La cristallisation des enjeux

Les Canadiens au combat

Les autres contributions du Canada

Pour prouver son sérieux, le Canada offre aussitôt de mettre sur pied un nouveau contingent recruté d'après ces critères. Il crée le Canadian Yeomanry, une unité d'un peu moins de 600 hommes, réclamée le 25 novembre 1901 par la Grande-Bretagne et qui recevra plus tard le nom de 2nd Regiment Canadian Mounted Rifles ; comme le veut la coutume, à son arrivée en Afrique du Sud, elle ne répondra à aucune autorité canadienne.

Le 2nd Regiment Canadian Mounted Rifles sert pendant trois mois, au cours desquels il se distingue par la qualité de ses reconnaissances. On le retrouve dans le sud-ouest du Transvaal et participant aux dernières poussées d'invasion de ce pays jusqu'à Vrybierg, à l'ouest. Quatre de ses soldats s'illustrent à Honing Sprint, en tenant 50 Boers en échec, mais avant qu'ils ne soient secourus, deux perdent la vie et deux autres sont blessés. Tous les quatre, écrit le général Hutton, pourtant avare de compliments pour ses Canadiens, « étaient de Pincher Creek... Au pied des Rocheuses, région bien connue pour l'excellence, l'audace et la hardiesse de ses cavaliers 42 ».

Citons d'autres aspects de la contribution canadienne. Environ 2 000 hommes organisés en quatre régiments de carabiniers montés arrivent en Afrique du Sud après le 31 mai 1902 et la fin des hostilités. Pour eux, c'est l'occasion d'un aller-retour sans combat. Par ailleurs, 64 hommes formant un hôpital canadien de campagne desserviront certaines troupes britanniques. Les Canadiens fourniront aussi 16 infirmières. Avec cet engagement en Afrique du Sud, le moment est jugé propice à la création du Service canadien des soins infirmiers. L'effort du Canada s'étend jusqu'à l'envoi de 5 commis de poste, de 23 artisans (cordonniers et forgerons, par exemple) et d'environ 300 Canadiens qui rejoignent des troupes irrégulières britanniques, soit directement, soit à la fin d'un contrat avec l'unité qui les a conduits en Afrique du Sud.

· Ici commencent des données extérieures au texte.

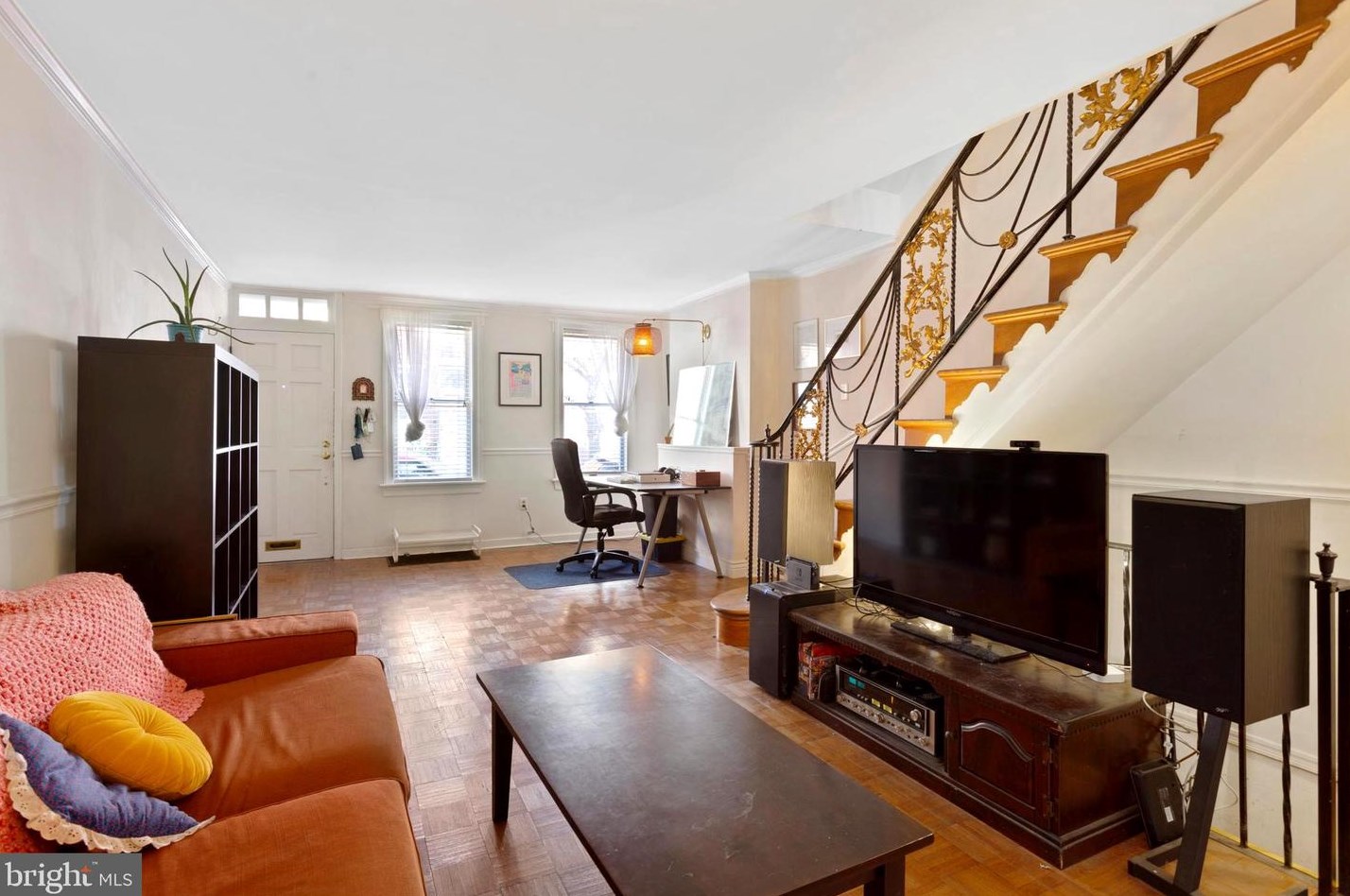 130 Fernon St, Philadelphia PA 19148-1217 exterior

Plus de 100 autres Canadiens se retrouvent au sein des troupes régulières britanniques, sans compter la centaine de diplômés du Royal Military College qui ont reçu une commission britannique. Parmi ceux-ci, le lieutenant-colonel Édouard Percy Girouard, le major H.G. Joly de Lotbinière, des Royal Engineers, et Philippe-Henri Duperron Casgrain, l'adjudant général adjoint au quartier général de l'armée britannique en Afrique du Sud. Certains, tels les Howard's Canadian Scouts, sont restés légendaires. Howard est un Américain arrivé au Canada en 1885, où il a enseigné le fonctionnement de la mitrailleuse Gatling. Devenu sujet britannique, il s'est porté volontaire pour l'Afrique du Sud. À l'expiration de son contrat, il a offert une unité d'environ 125 aventuriers d'origine canadienne recrutés parmi les gens en fin de contrat. Ces éclaireurs, acceptés par les Britanniques, seront de toutes les actions audacieuses, au prix de pertes énormes toutefois.